Contrary to popular opinion, the best investment bet that you can make in 2011 is in Africa. You wouldn’t know it if you turn on a TV or read a newspaper, since U.S. and European media focus relentlessly on areas of unrest and instability, but the reports beyond the front page tell a very different story. Record GDP growth, the rise of homegrown corporations and increased foreign investment are all evidence of Africa’s rapid economic progress and remarkable potential.
I speak from experience as CEO of SEACOM. We were pioneers in bringing broadband access to eastern Africa and we are now driving the development of an integrated communication culture across the continent.
Misperceptions about GDP and growth rates in Sub-Saharan Africa cause many investors to write off the region. That is a big mistake. Africa has the third fastest growth rate among regions of the world, and many countries are experiencing exceptional growth. For example, Ghana has the second fastest GDP growth in the world at 14%, with Eritrea and Ethiopia ranked fourth and fifth respectively.
Underpinning this growth is an emerging class of corporations expanding across the continent.
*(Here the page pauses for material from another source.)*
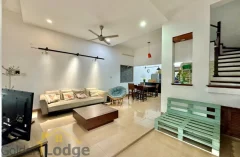 House in Long Bien nearby LFAY Hanoi for rent 4 bedrooms 1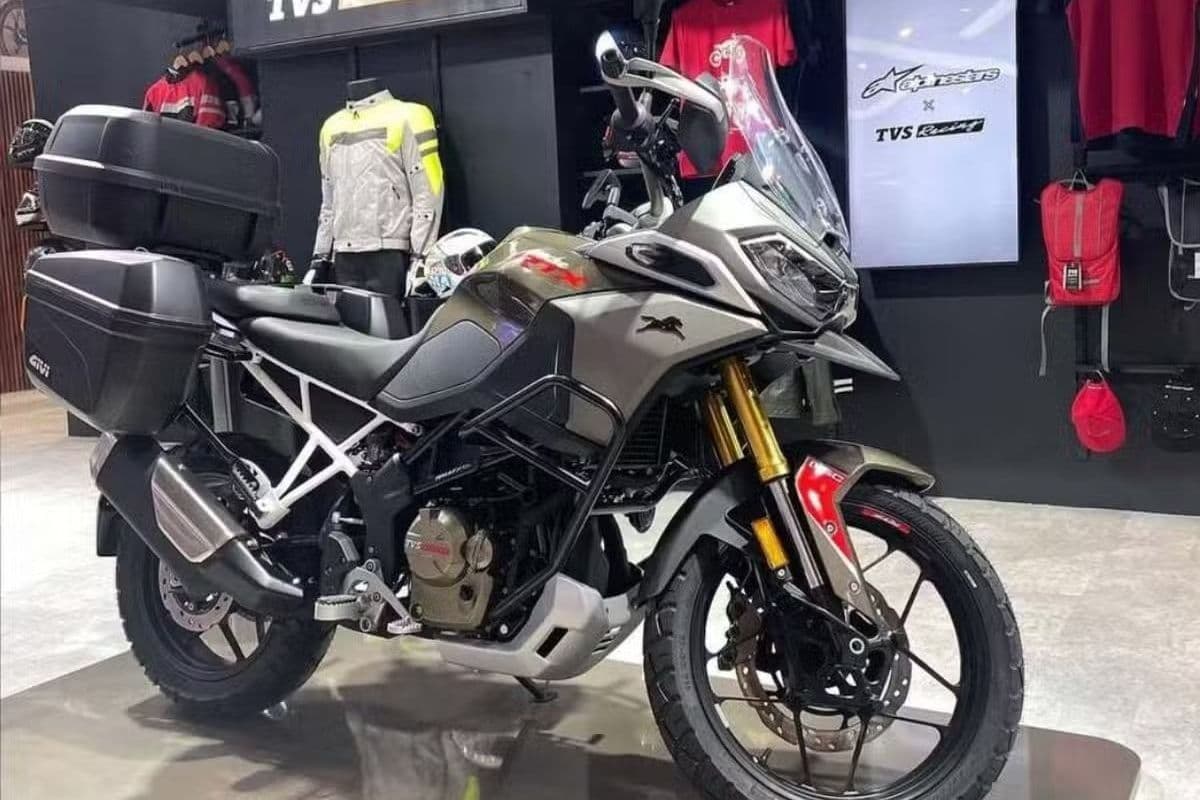 TVS Apache RTX 300 भारत में लॉन्च: टीवीएस की पहली एडवेंचर बाइक, कीमत 2.5-2.8 लाख रुपये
A new report, Pioneers on the Frontier: Sub-Saharan Africa’s Multinational Corporations, released this week at the World Economic Forum on Africa in Cape Town, highlights the success of SEACOM and other African-based companies that are making their mark across the continent.
The investment community should pay close attention to this new class of companies spanning a variety of industries. Sub-Saharan Africa’s multinational corporations have firsthand knowledge of local conditions, which often means the difference between success and failure when doing business in Africa. They are working more closely with their governments to accelerate local development and further improve the investment climate. These corporations can serve as local partners, suppliers, and purchasers of goods and services, as well as providing solid opportunities for investment. The expansion of these companies requires a burgeoning financial services industry, as well as connected exchanges and public debt markets.
To date, these opportunities are being supported by African based financial services, while being largely ignored by the greater financial markets. To me, this seems to be an opportunity missed. Many possibilities exist across the continent where returns outweigh perceived risks, such as mezzanine rates for senior debt financing.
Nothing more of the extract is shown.